Beside the primary goal to distribute requests between data nodes, presence of an application load balancer addresses a few more things:
Help making sure connections cannot be established with individual nodes. Security group rules of the nodes allow only traffic from themselves and load balancer’s subnets.
Log all requests to S3 bucket that can be further analysed using Athena service.
Maintain the cluster anytime without needs to modify applications configurations. Whenever we need to increase or decrease the cluster capacity or replace individual nodes, we do not need to turn the maintenance mode on.
Use simplest staticNoPingConnectionPool to allow applications establishing the connection as fast as possible.
Moving forward we paid attention to the fact that in case of any outage of the only one master node, the cluster availability will still suffer. Three devoted master-eligible nodes provide the ability to safely form a quorum if one of these nodes fails.
Even though we ingest large number of products to the cluster at a time when client applications are receiving lowest amount of traffic, performance of search requests is still impacted. To reduce the correlation between high latencies of search requests and heavy indexing requests we placed nodes that perform coordinator's role.
Coordinating nodes receive search requests and forward them to the data nodes which hold the data. Data nodes execute the request locally and return the results to the coordinating node. Coordinating nodes helped to cut down latencies of search requests substantially.
Since we host our workloads in Amazon cloud, data nodes hold shards on EBS volumes. In the beginning, one TB sized volumes performed well with 3000 IOPS and maximum throughput of 250 MB/s.

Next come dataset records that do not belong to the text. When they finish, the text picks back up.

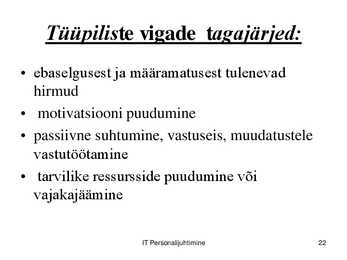 IT töökorralduse arengufaasid ettevõttes #22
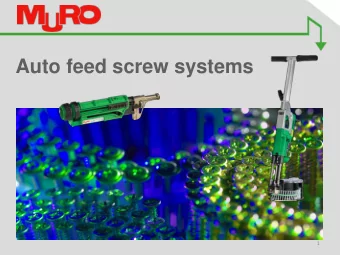 Auto feed screw systems  1  INTRODUCTION  Muro Corporation is established in 1953 in Japan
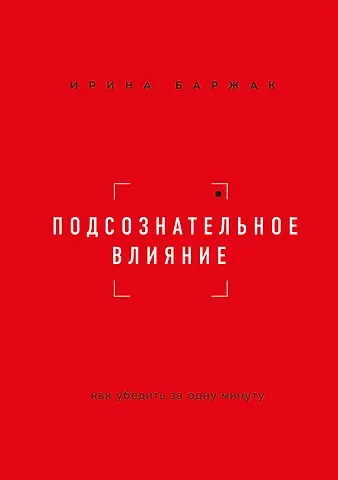 Ирина Анатольевна Баржак Подсознательное влияние. Как убедить за одну минуту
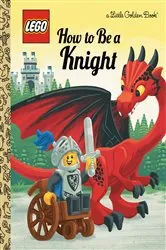 Book cover of How to Be a Knight (LEGO) by Matt Huntley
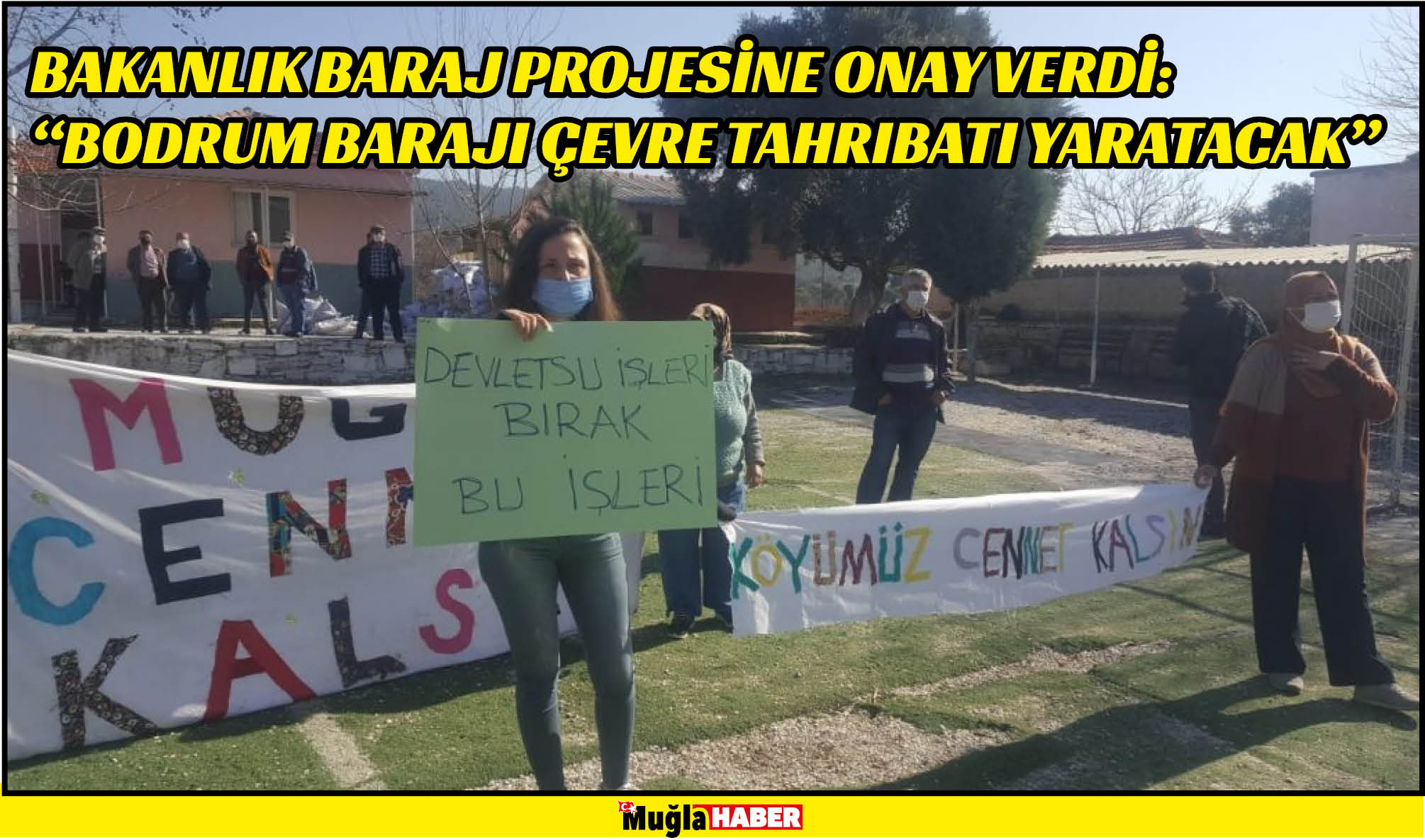 BAKANLIK BARAJ PROJESİNE ONAY VERDİ:  “BODRUM BARAJI ÇEVRE TAHRIBATI YARATACAK”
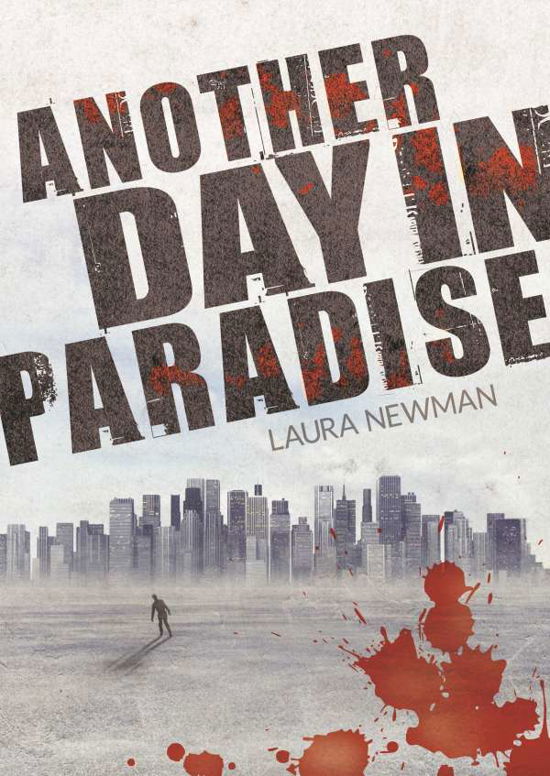 Cover for Newman · Another Day in Paradise (Book)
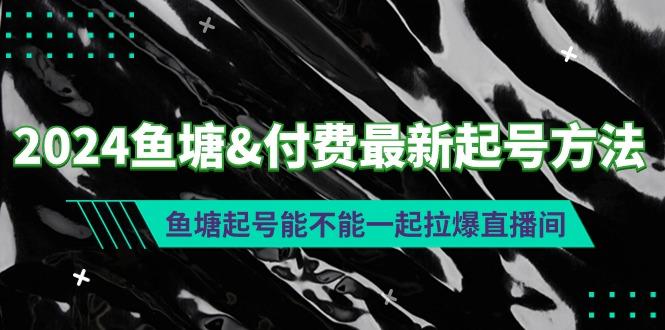 (9507期)2024鱼塘&付费最新起号方法：鱼塘起号能不能一起拉爆直播间 - 创享网-创享网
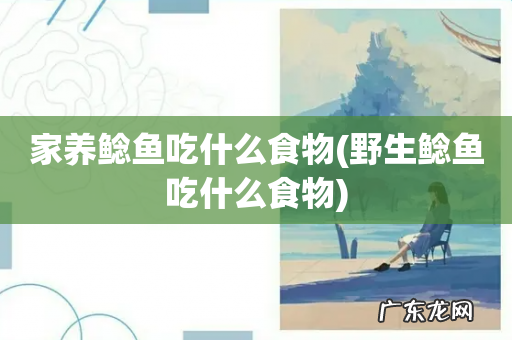 野生鲶鱼吃什么食物 家养鲶鱼吃什么食物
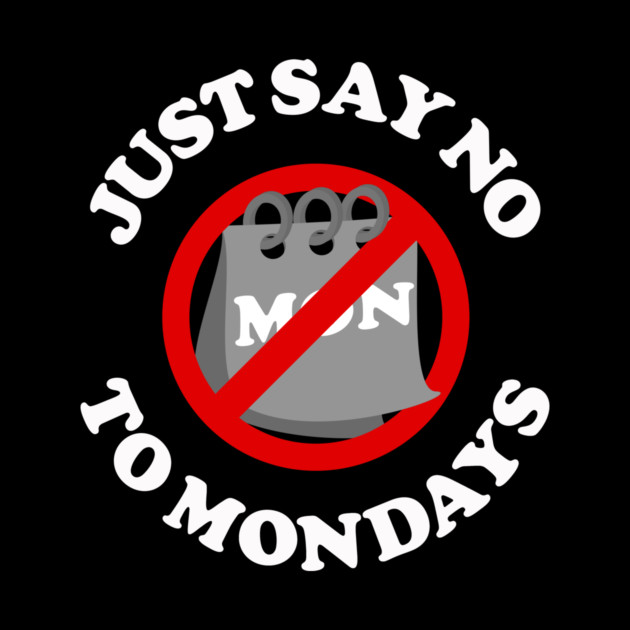 Just Say No To Mondays by dumbshirts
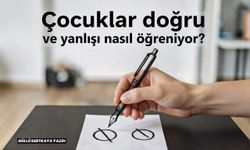 Çocuklar doğru ve yanlışı nasıl öğreniyor?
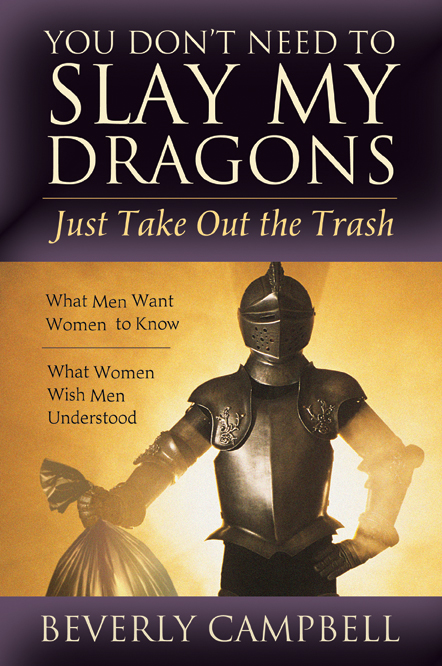 You Don&rsquo;t Need to Slay My Dragons Just Take Out the Trash
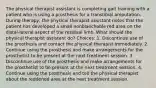 The physical therapist assistant is completing gait training with a patient who is using a prosthesis for a transtibial amputation. During therapy, the physical therapist assistant notes that the patient has developed a small nonblanchable red area on the distal-lateral aspect of the residual limb. What should the physical therapist assistant do? Choices: 1. Discontinue use of the prosthesis and contact the physical therapist immediately. 2. Continue using the prosthesis and make arrangements for the prosthetist to be present at the next treatment session. 3. Discontinue use of the prosthesis and make arrangements for the prosthetist to be present at the next treatment session. 4. Continue using the prosthesis and tell the physical therapist about the reddened area at the next treatment session.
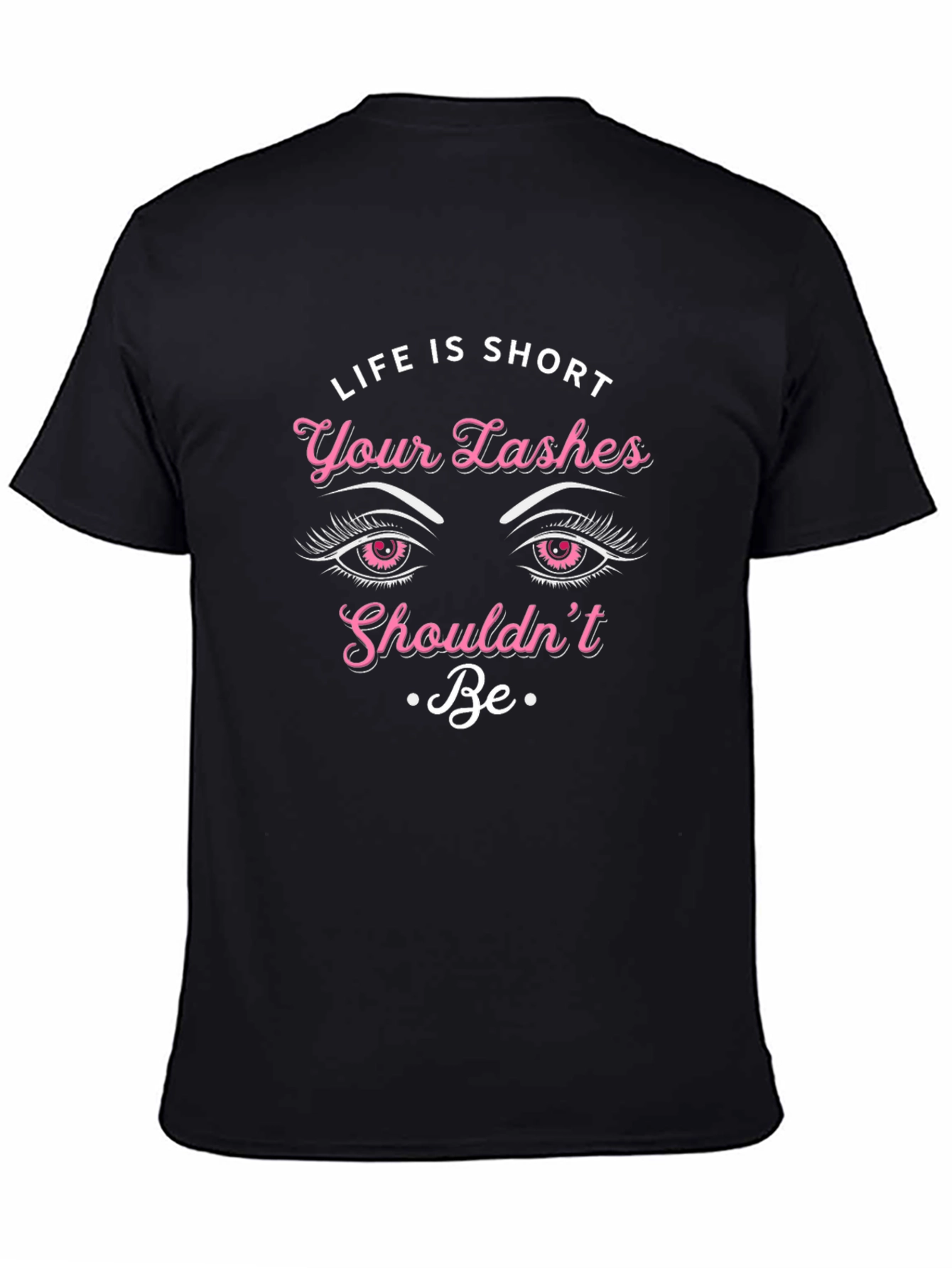 Life Is Short Eyelash Graphic T-Shirt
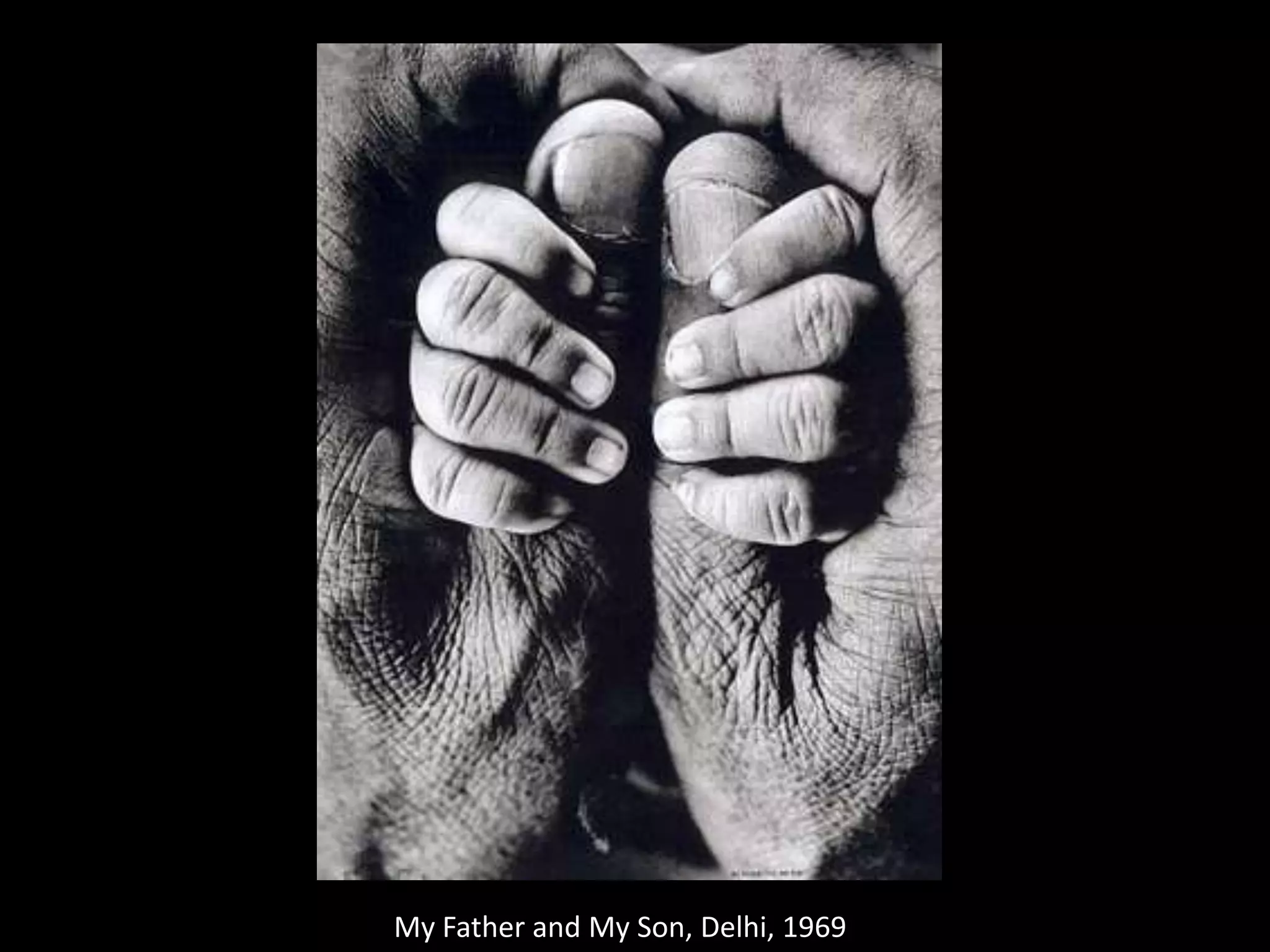 My Father and My Son, Delhi, 1969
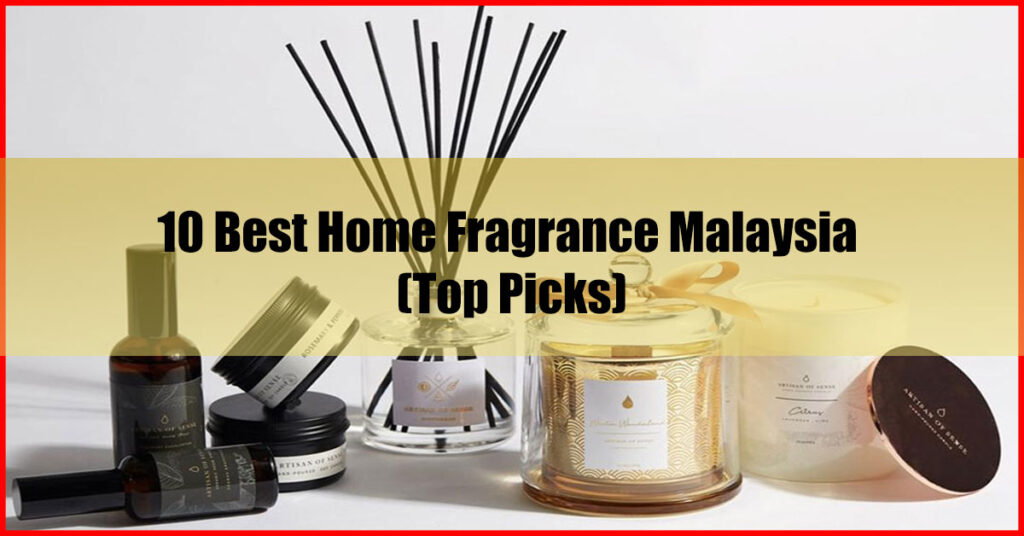 10 Best Home Fragrance Malaysia (Top Picks)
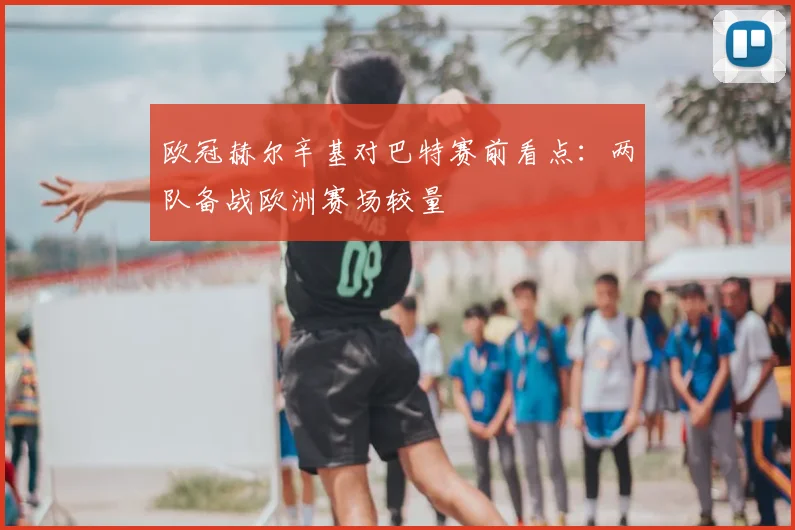 欧冠赫尔辛基对巴特赛前看点:两队备战欧洲赛场较量
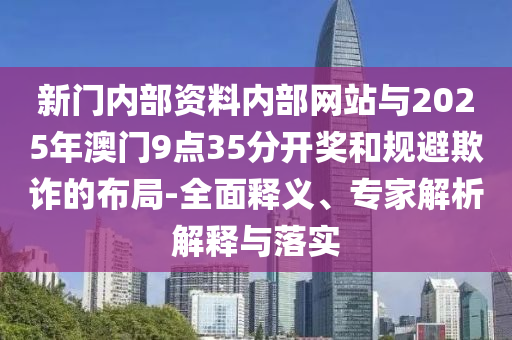 新門內(nèi)部資料內(nèi)部網(wǎng)站與2025年澳門9點(diǎn)35分開獎(jiǎng)和規(guī)避欺詐的布局-全面釋義、專家解析解釋與落實(shí)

At some point, we began noticing that Elasticsearch nodes hit these limits from time to time, especially when internal applications had been ingesting data and running heavy aggregations. Maintaining the window to import fresh product catalogue daily within an hour is one of the highest priorities. Taking into consideration high cost of volumes with provisioned IOPS, we were lucky to receive announcement from AWS introducing GP3 type, the next generation of EBS volumes. It allowed us to shrink disks slightly to pay less for storage, and boost IOPS and throughput to 4000 and 300MB/s respectively.
These optimisations drastically reduced latencies of search requests (the spikes in the graphs below) at the time of heavy indexing and lowered the duration of the recurring job to import the product catalogue.
There were lots of other steps we went through to optimise configuration for heavy indexing as well as heavy aggregations. These include optimisations of indices mappings, shards settings and document fields, optimisations on the application level, such as bulk requests, multithreading, managing replicas size and many more. The adjusts are outside the scope of this writing.
It is worth mentioning that we do not stop at this point and keep evolving our Elasticsearch service. A couple of significant points to achieve in near future include following:
Upgrade the stack to the latest version 8.0,
Introduce dedicated data nodes for the intensive data streams.
Core services continuously change in response to new demands and conditions, including user requests for new features, evolving system dependencies and technology upgrades.
As mentioned in the beginning, there were not any service reliably standards defined since we operate in start-up environment. We naturally built the learning path while operating the service, responding to incidents, conducting postmortems and analysing root causes. Based on our experience, the learning path was not easy. There are always stumbling blocks along the road, and we hope that by sharing our experience about implementing Elasticsearch, you do not have to stumble over them yourself.